Ou seja: não vou ser uma pessoa de convívio deleitoso, mas, em compensação, não vou dar trabalho. As pessoas podem se queixar de que sou uma pessoa insuportável, mas ninguém vai poder dizer que, além de me aguentar, terão de cuidar de mim. Eu mesmo vou me cuidar. Vou ser autossuficiente e encarar todas as minhas fraquezas e necessidades por mim mesmo. Não seria pedir demais que, além de tudo, eu fosse uma pessoa agradável, né?
Pois só aguentando as agruras de cuidar de um idoso totalmente dependente é que a gente encontra forças para tomar decisões como esta minha. Só sentindo na pele o que é cuidar de alguém que demanda mais atenção do que uma criança é que se tem disposição para dar um grito de independência: não vou ser essa figura amorfa que a cada dia exige mais cuidado do que o dia anterior e que não consegue fazer um xixi no lugar certo sem uma orientação repetida a cada duas horas. Até as crianças e os gatos aprendem.

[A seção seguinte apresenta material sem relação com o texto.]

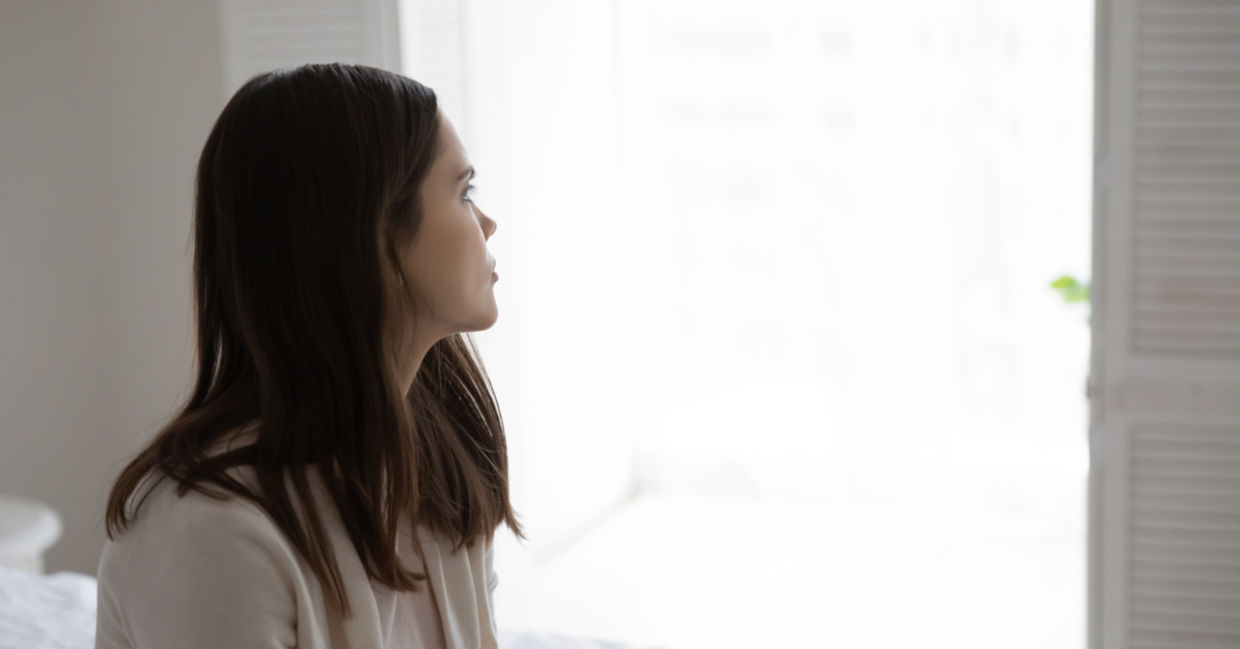Thoughtful millennial woman thinking about her anxiety.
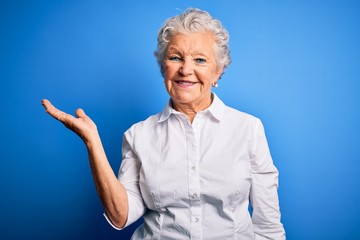 Senior beautiful woman wearing elegant shirt standing over isolated blue background smiling cheerful presenting and pointing with palm of hand looking at the camera.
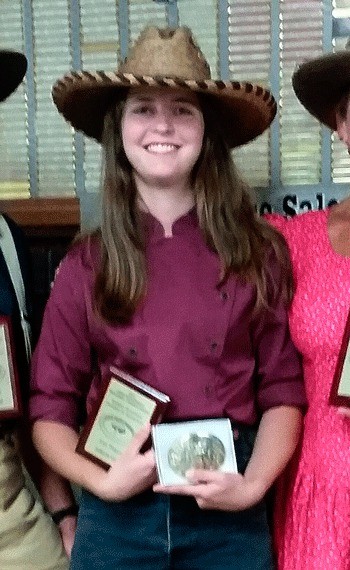 Paige Dasher poses with her awards. She recently won the Single Action Shooting Society Washington and Northwest Regional Championships in her shooting division.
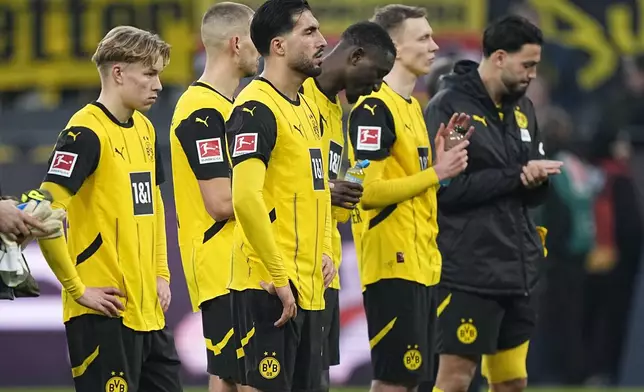 Dortmund players stand on the pitch at the end of the German Bundesliga soccer match between Borussia Dortmund and VfB Stuttgart at the Signal-Iduna Park in Dortmund, Germany, Saturday, Feb. 8, 2025. (AP Photo/Martin Meissner)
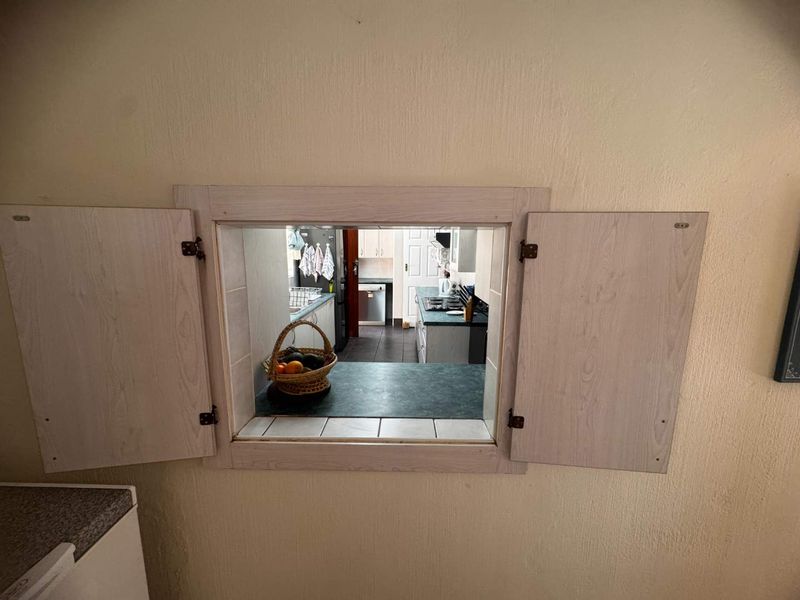 A kitchen serving hatch with wooden shutters providing a view into the main kitchen area with laminate countertops and cabinetry.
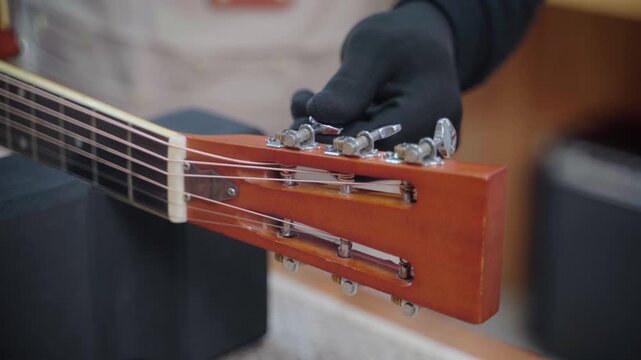 Guitar Technician Tuning Electric Guitar by Adjusting Tuning Pegs
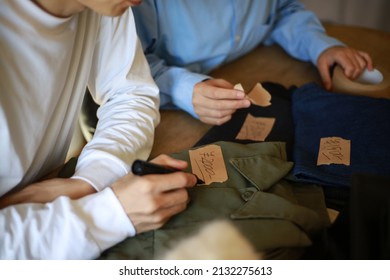 A Couple Preparing To Sell At A Flea Market 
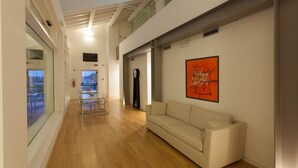 A modern interior with a wooden floor, a beige sofa, and a large window.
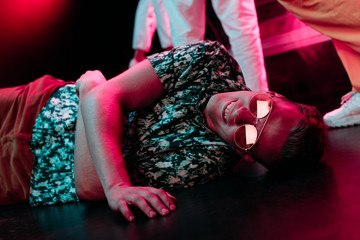 sick man in sunglasses lying on floor in nightclub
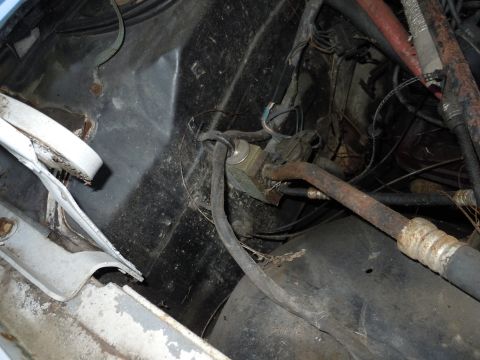 2001 Ford Crown Victoria - Close-up view of engine bay components, including hoses and wiring, with some white trim on the left.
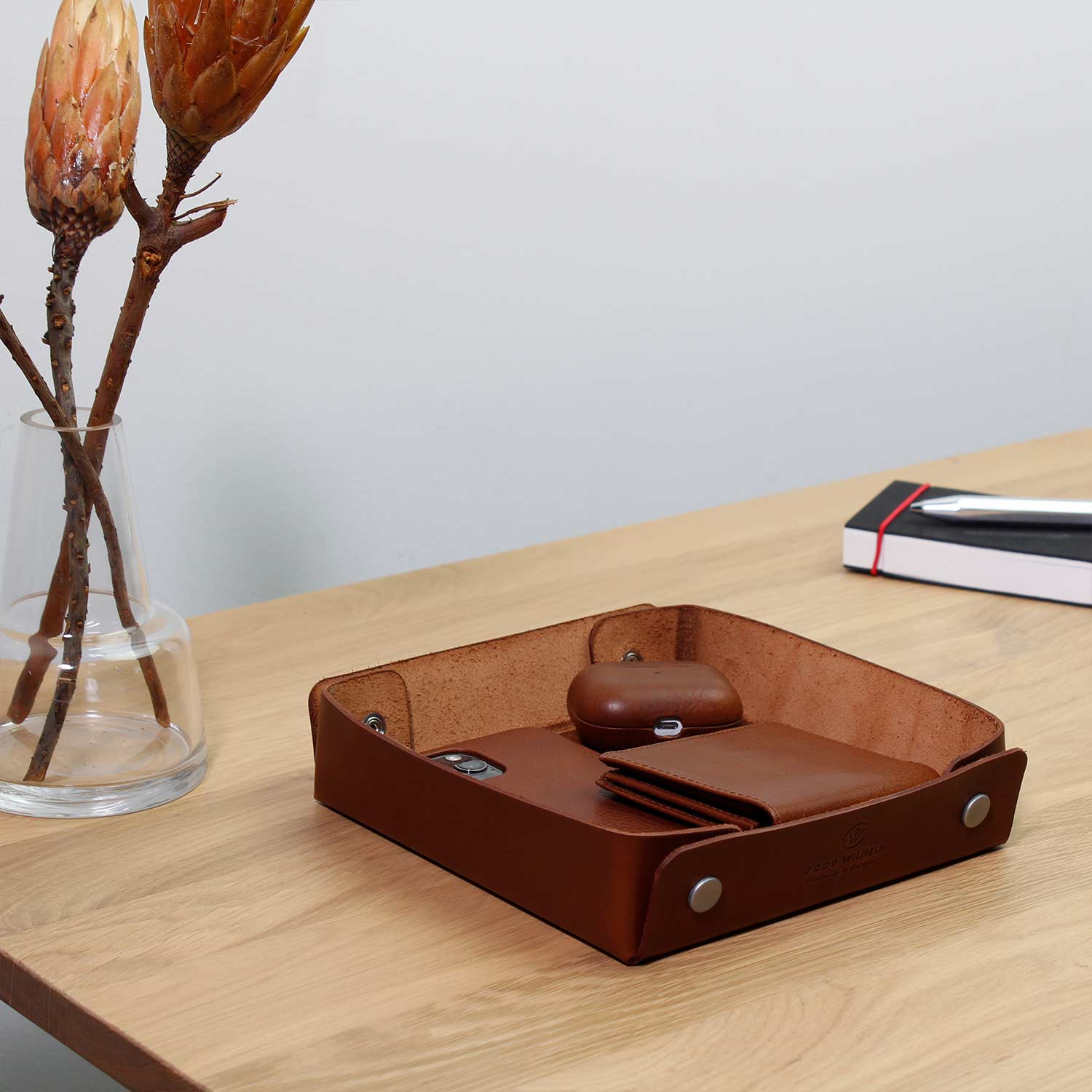 Taschenleerer aus Leder von Goodwilhelm in der Farbe cognac mit AirPods, Portemonnaie und Handy drin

Eu não vou ser assim! Posso até fazer as coisas erradas, mas será por minha conta. Não quero ninguém me dizendo a que horas dormir, se minhas fraldas estão cheias, se preciso lavar pelo menos os pés antes de ir para a cama. Não quero ninguém cuidando de mim, pois eu próprio vou querer cuidar de mim. E por isso vou ser ranzinza. As pessoas vão passar por mim e dizer “ô, velho ranzinza!” e vão me deixar em paz. O que eu mais vou querer é paz.
É claro que vai chegar uma hora e eu não terei mais capacidade de fazer nada, a não ser manter minha ranzinzice. E então vou ter de apelar para alguns cuidados básicos, como lavar minhas roupas, trocar minhas fraldas, cozinhar minhas cenouras, batatas e inhames… Mas aí vou apelar a cuidados profissionais. Já estou guardando dinheiro para isso. De preferência vou atender ao suprassumo dos desejos masculinos e contratar uma enfermeira gostosa, ainda que só possa babar e lamber o travesseiro por ela. O que eu não quero é parente cuidando de mim, mesmo que de graça.
Pois estou aqui registrando minhas decisões para que tudo fique preto no branco. Porque provavelmente vou me esquecer daqui a alguns anos a forma como pretendo seguir minha vida, e só sobre mesmo a rabuja.